福島第一原子力発電所で事故を起こした東京電力の株主総会が行われた東京都内のホテル前で、「脱原発と賠償で責任を!」などと書かれたメッセージを掲げました。
国際環境NGOグリーンピース・ジャパンは6月28日、福島第一原子力発電所で事故を起こした東京電力の株主総会が行われた東京都内のホテル前で、「福島の子どもたちを守って!」、「脱原発と賠償で責任を!」などと書かれたメッセージを掲げ、東電に対し原子力発電からの撤退を求めました。

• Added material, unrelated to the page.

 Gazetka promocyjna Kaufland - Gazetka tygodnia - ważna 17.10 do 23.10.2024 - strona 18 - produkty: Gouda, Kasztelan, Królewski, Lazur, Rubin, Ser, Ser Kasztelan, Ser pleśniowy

本日行われた東電の株主総会では、個人株主402人が「原子力発電からの撤退」を求める議案を提出されています。総会に先立ち会場前に集まったグリーンピースのボランティアらは、「TEPCO: The worst Ever Polluting COmpany(最悪の汚染企業)」や「脱原発と賠償で責任を!」などと書かれた抗議のバナーやプラカードを掲げました。

グリーンピース・ジャパンの核・エネルギー問題担当の鈴木かずえは、「東京電力は子どもたちを避難させ、放射能を除染する責任を放棄しています。また、原子力発電からの撤退を拒否し、未来の子どもたちのために安全なエネルギーを選択することも放棄してしまいました。東電には企業として社会的責任を果たす能力は残っていません」と、原子力発電からの撤退を訴えました。

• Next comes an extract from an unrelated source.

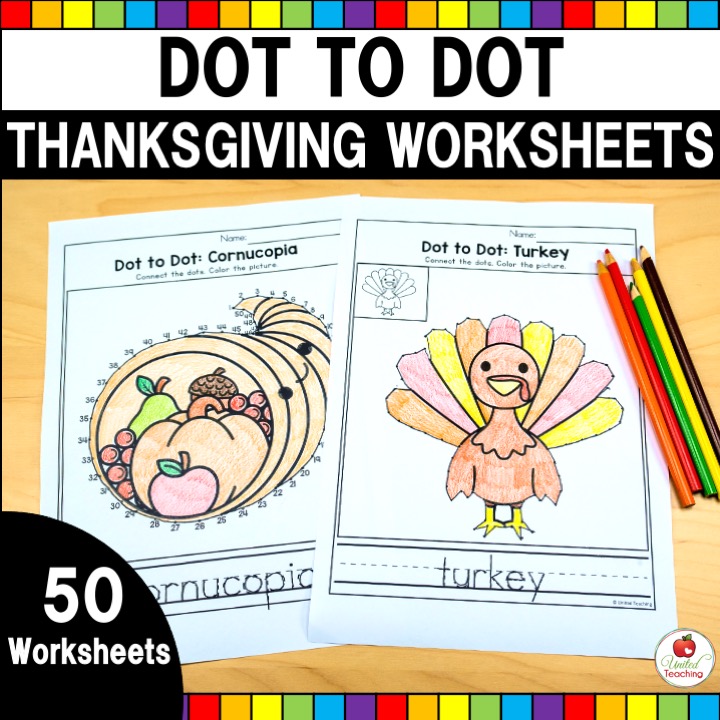 Thanksgiving connect the dots worksheets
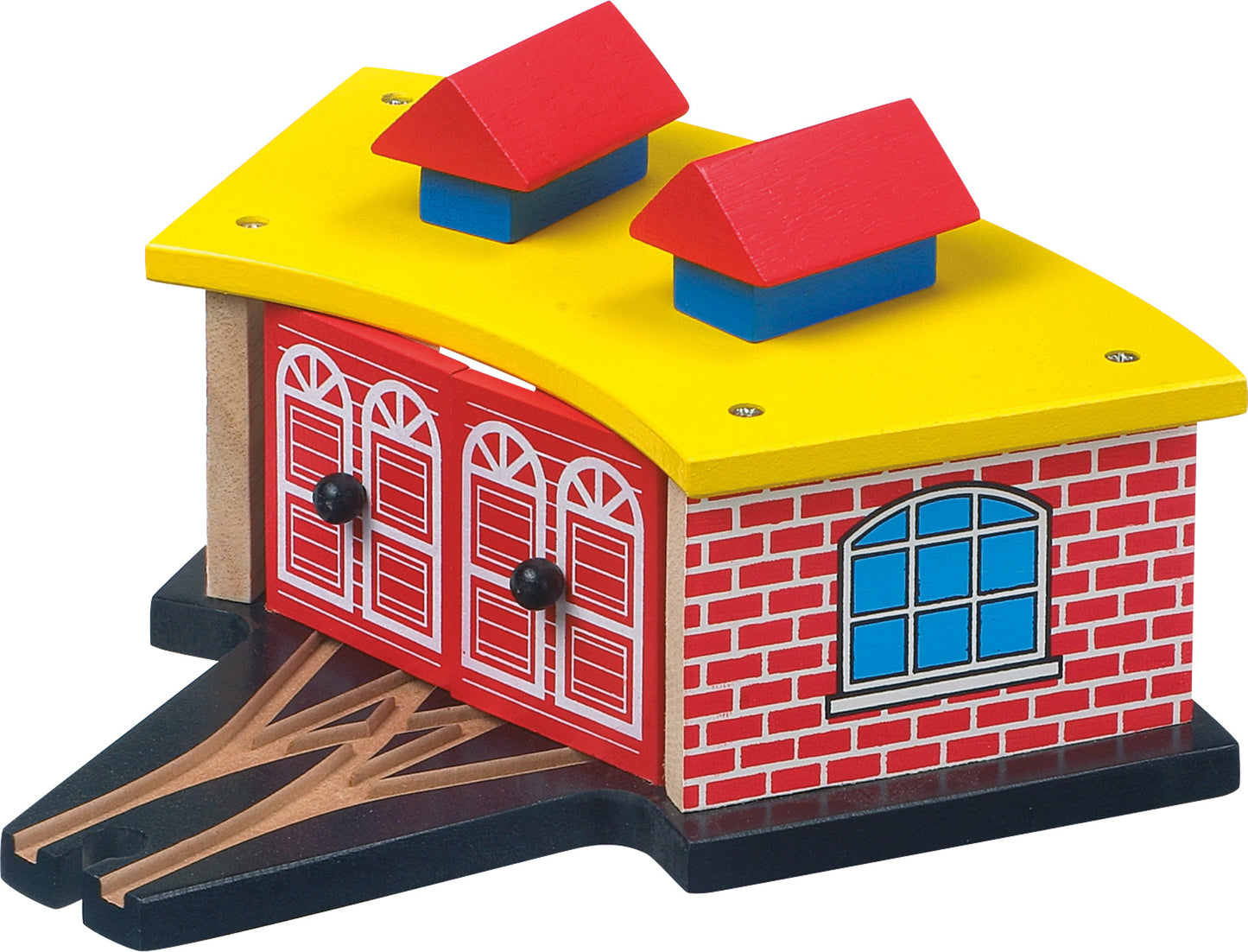 Garagem de locomotivas com portas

グリーンピースが原発事故後の4月に実施した放射能調査(注1)ですでに、国が指定した避難区域はもとより、福島第一原子力発電所から約60Km離れた福島市や郡山市などでも、高い放射線が計測されていました。しかし、子どもたちを含む多くの住民が、今もチェルノブイリ強制移住レベル(年間5ミリシーベルト)の何倍も汚染された地域に暮らしています。

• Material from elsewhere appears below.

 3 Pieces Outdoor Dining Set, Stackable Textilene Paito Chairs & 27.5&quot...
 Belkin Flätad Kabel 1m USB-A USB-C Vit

また6月7日に実施した放射能調査(注2)では、福島市の公園、通学路など、子どもの生活圏のあちらこちらに数十マイクロシーベルトのホットスポットが存在することも明らかになりました。幼稚園の向かいの歩道にある雨どいの下では毎時35マイクロシーベルトが計測されています。現在、こうした汚染に対し、福島県民や県外からのボランティアによる除染や、福島県による除染計画が進められています。

鈴木は「福島県の子どもたちを避難させて、その間に放射能を除染すること。それを東京電力経営陣、そして株主がどうやって実現するのかを考えるのが事故を起こした企業として当然の責任ではないでしょうか」と訴えました。